**Supplied data:**

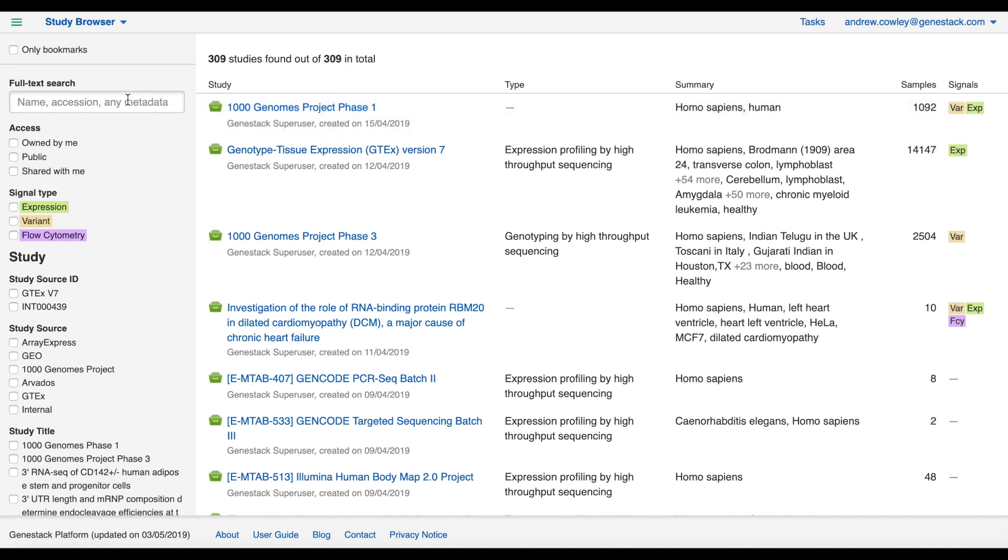Let's look at the search and filter panel next. The full text search is a good place to start. Here you can search by the name of the study, the accession of a study, sample, or signal object, or by any text that's in any metadata field across all of the data you have visibility of. Let's try searching for the text dilated cardiomyopathy.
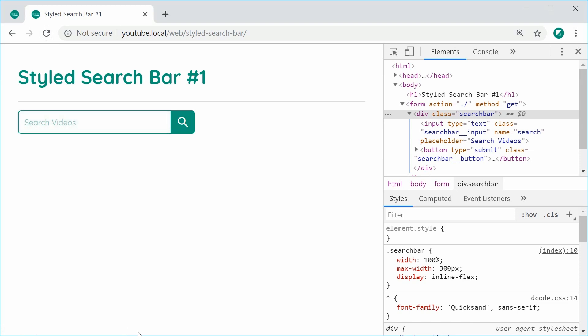I can then type inside here, decode, press enter, and it works just fine. We get a question mark in the query string, search equals decode. And that is how you can make a styled search bar using plain HTML and CSS.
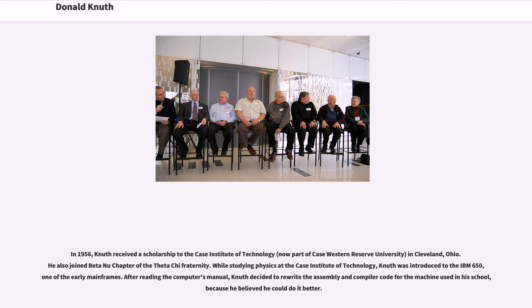In 1956, Knuth received a scholarship to the Case Institute of Technology, now part of Case Western Reserve University, in Cleveland, Ohio. He also joined Beta Nu chapter of the Theta Chi fraternity. While studying physics at the Case Institute of Technology, Knuth was introduced to the IBM 650, one of the early mainframes. After reading the computer's manual, Knuth decided to rewrite the assembly and compiler code for the machine used in his school, because he believed he could do it better.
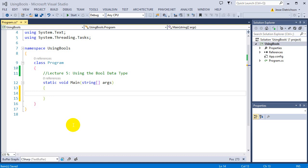Welcome to lecture 5, using the bool data type. If you remember, we already took a look at the bool data type. We looked at creating a variable of type bool and what a bool can actually hold. A bool can only hold a true or false value. It can't hold anything else — it can't hold a number or text. It can only hold true or false.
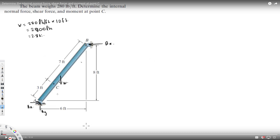To find the forces, since we have two unknowns at A but only one unknown at B, it's easier to calculate Bx first. To do that, we take the moment about A, which eliminates the two unknown forces at A. In statics, the sum of moments equals zero. Let's take clockwise as positive.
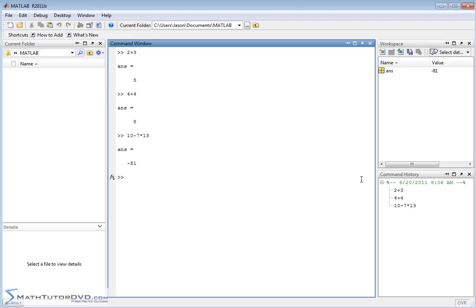So by and large, the most important thing for you to remember and understand is that the command window is where you type everything in, and MATLAB gives you answers. It labels the answer with ans.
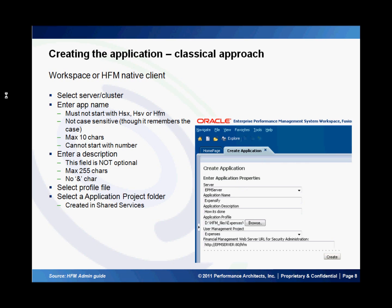After you create the application profile, let's see how we create the application itself. You can either do this in Workspace or in the HFM Native Client. First you select the server or the cluster which you're going to register the application to. Then you specify an application name. This cannot start with HSX, HSV, or HFM because these are reserved words.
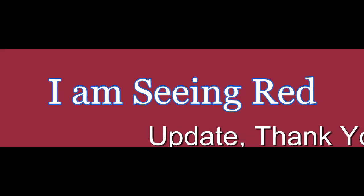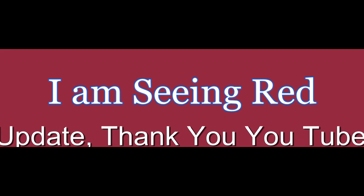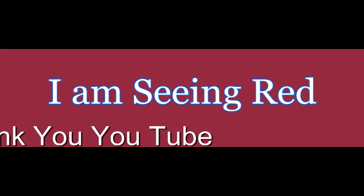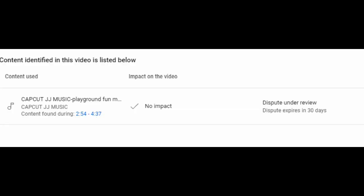This is an update on my I am seeing red videos. First of all, I'd like to thank YouTube in their diligence of proving that the music was not falsely miscopyrighted or misappropriated or anything else.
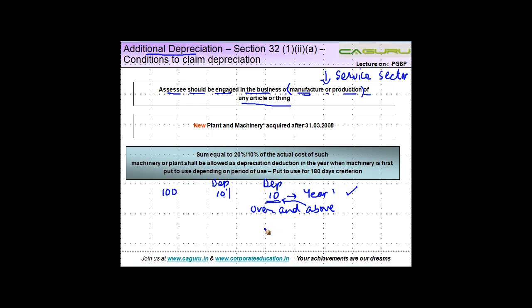The additional depreciation is allowed only to an assessee engaged in the business of manufacture or production of any article or thing. That is the first key condition to be satisfied.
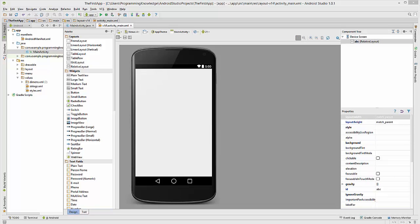Hello guys, welcome to the next video tutorial on Android app development for beginners. In this video we will see how to use an alert dialog box on our Android activity.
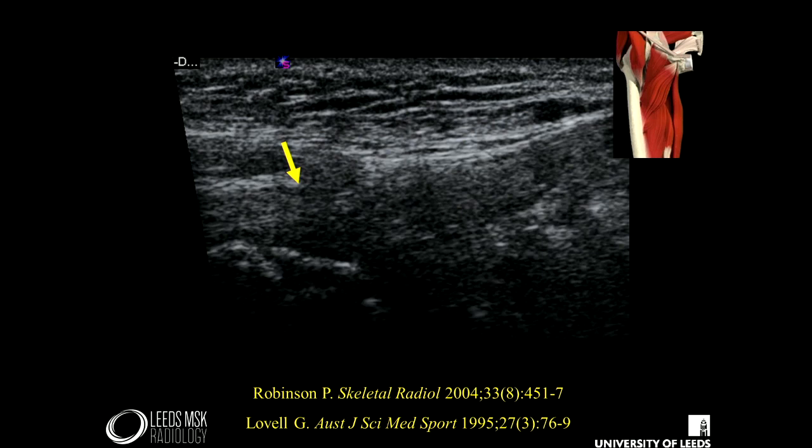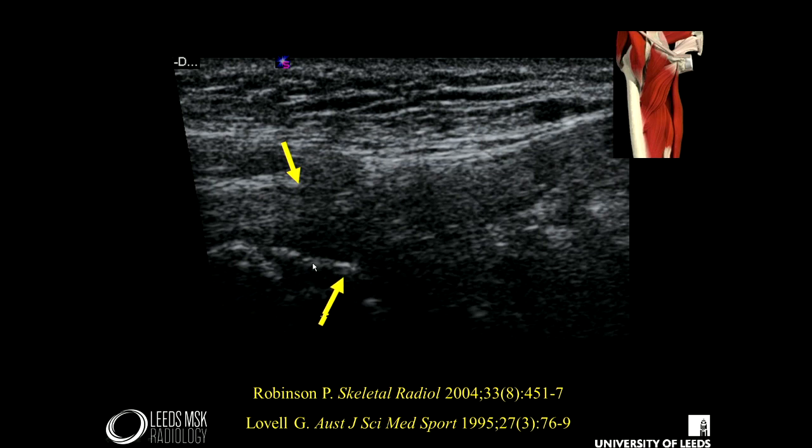You can see this on ultrasound — there's the adductor longus blending with the tissues anteriorly, and more inferiorly we have the cortex of the pubis. But you don't get the good separation and definition of tissues as you do on MRI. So MRI really remains the imaging modality of choice for assessing this area.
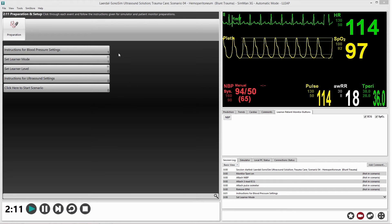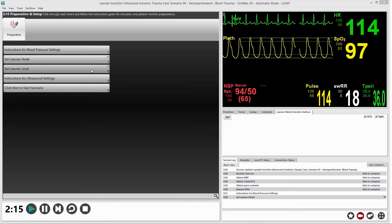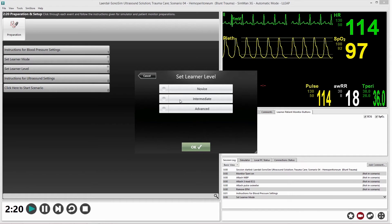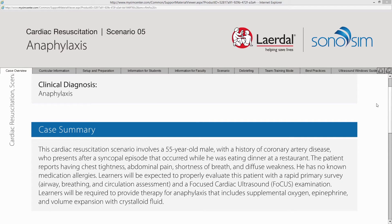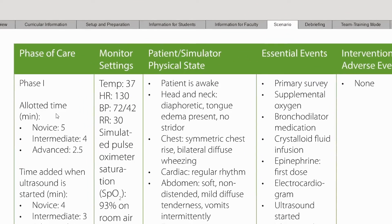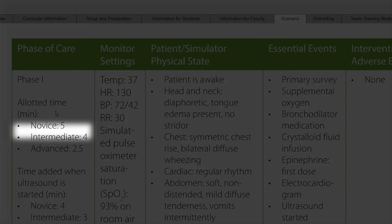To accommodate learners with varying levels of medical training and ultrasound experience, the Lairdahl Sonosim Ultrasound Solution scenarios have novice, intermediate, or advanced learner levels. While the medical and ultrasound elements of a scenario remain the same in each, the amount of time permitted to progress through a scenario depends on the learner level. Novice learners are given the most time, while advanced learners the least.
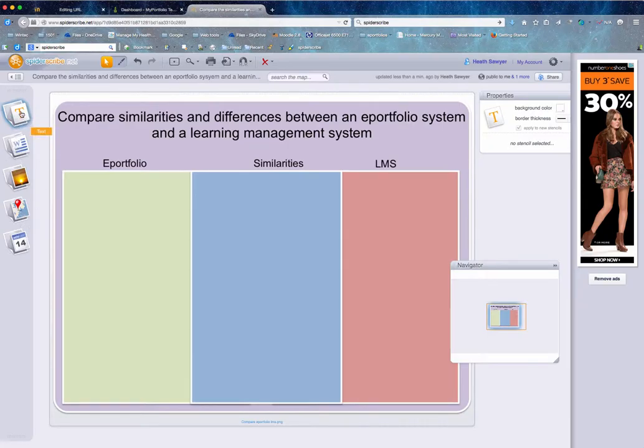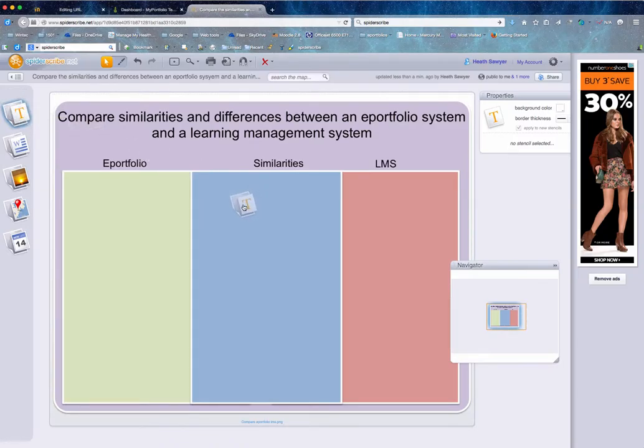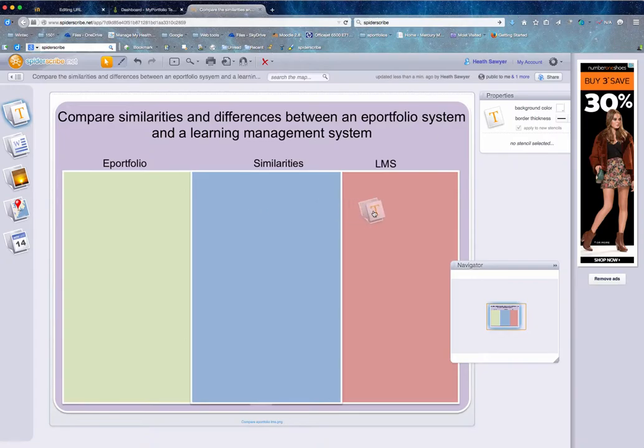Now all I need you to do for this exercise is drag and drop a text box into one of these spaces and add some notes.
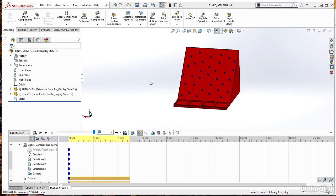In this course, we have learned the fundamentals of SOLIDWORKS animations, including how to generate a variety of simple and more complex animations to help showcase our products.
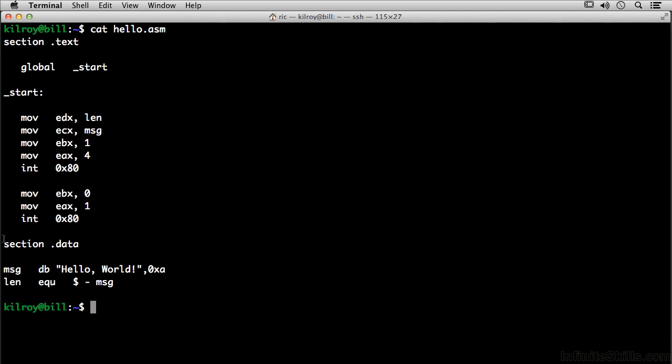Down here is the data section, and that's where we store, not surprisingly, data for the program. And you can see we've got the message, and that's a byte array here. And the length is actually a reference to how long the message byte array actually is.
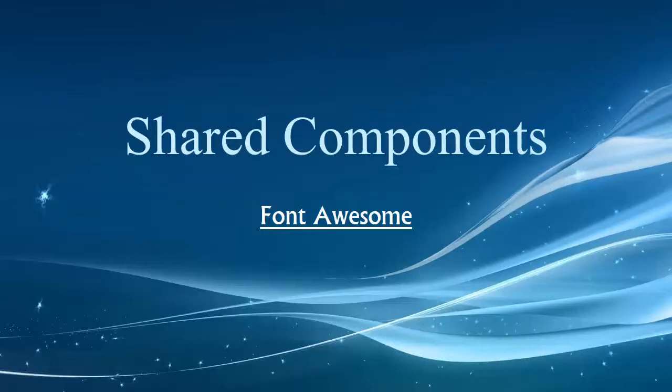Hi folks, welcome to the final chapter in Shared Components. In this chapter I want to talk about working with Font Awesome.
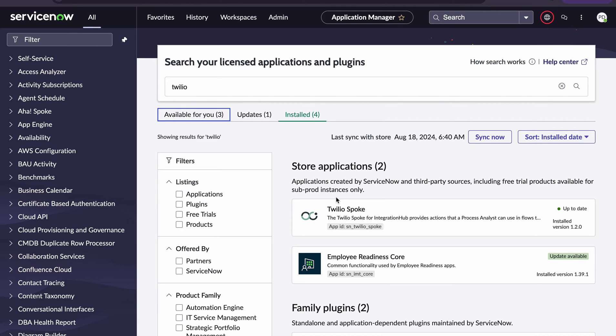Hello ServiceNow experts. Today in this video I will be explaining how we can trigger SMS to phone numbers using ServiceNow, and we will also learn a new third-party application called Twilio. By using that, we will be triggering SMS from ServiceNow to any particular mobile phones.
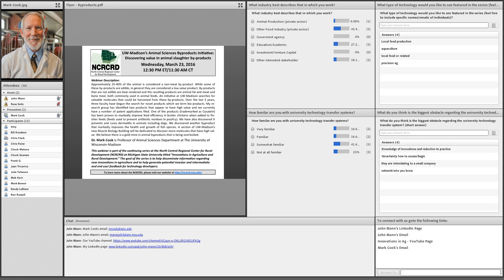Before we start the presentation, take a quick moment and answer our poll questions. Your feedback is appreciated, and if we miss a couple of folks, these will come up at the very end. In the box to the lower right I've got helpful links — my email, Mark Cook's email, the Innovations in Agriculture YouTube page, and my LinkedIn information. We're recording this webinar and the recording will be available on YouTube, posted in the next day or so.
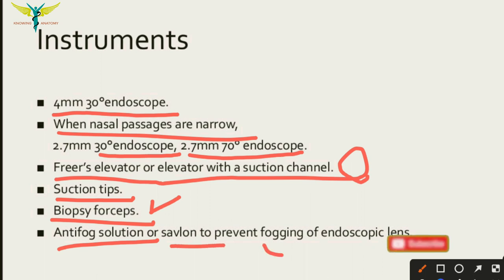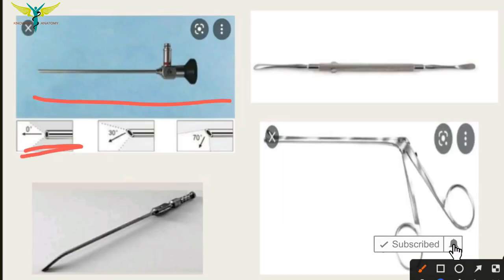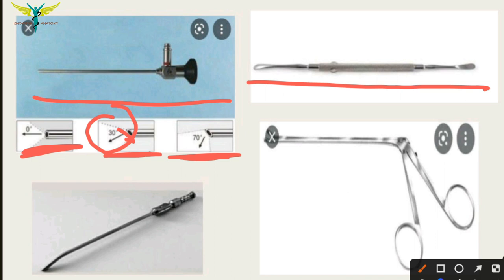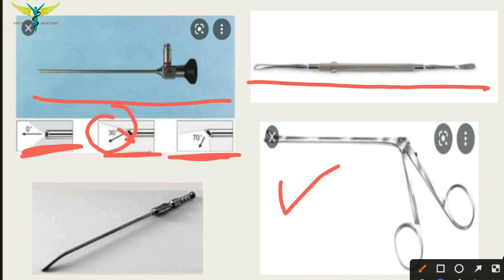This is the 0-degree endoscope; the 30-degree endoscope has a blunt angle directed at 30 degrees; and here is the 70-degree endoscope. This is the Freer elevator, and these are the forceps used to take out a biopsy.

**Description of the task:** Only the lines from the beginning of the listing through the line with "Welcome to lecture", both ends included, are to be repeated exactly; pictures stay out.

**Final answer:**
Let's look at the search and filter panel next. The full text search is a good place to start. Here you can search by the name of the study, the accession of a study, sample, or signal object, or by any text that's in any metadata field across all of the data you have visibility of. Let's try searching for the text dilated cardiomyopathy.
I can then type inside here, decode, press enter, and it works just fine. We get a question mark in the query string, search equals decode. And that is how you can make a styled search bar using plain HTML and CSS.
In 1956, Knuth received a scholarship to the Case Institute of Technology, now part of Case Western Reserve University, in Cleveland, Ohio. He also joined Beta Nu chapter of the Theta Chi fraternity. While studying physics at the Case Institute of Technology, Knuth was introduced to the IBM 650, one of the early mainframes. After reading the computer's manual, Knuth decided to rewrite the assembly and compiler code for the machine used in his school, because he believed he could do it better.
Welcome to lecture 5, using the bool data type. If you remember, we already took a look at the bool data type. We looked at creating a variable of type bool and what a bool can actually hold. A bool can only hold a true or false value. It can't hold anything else — it can't hold a number or text. It can only hold true or false.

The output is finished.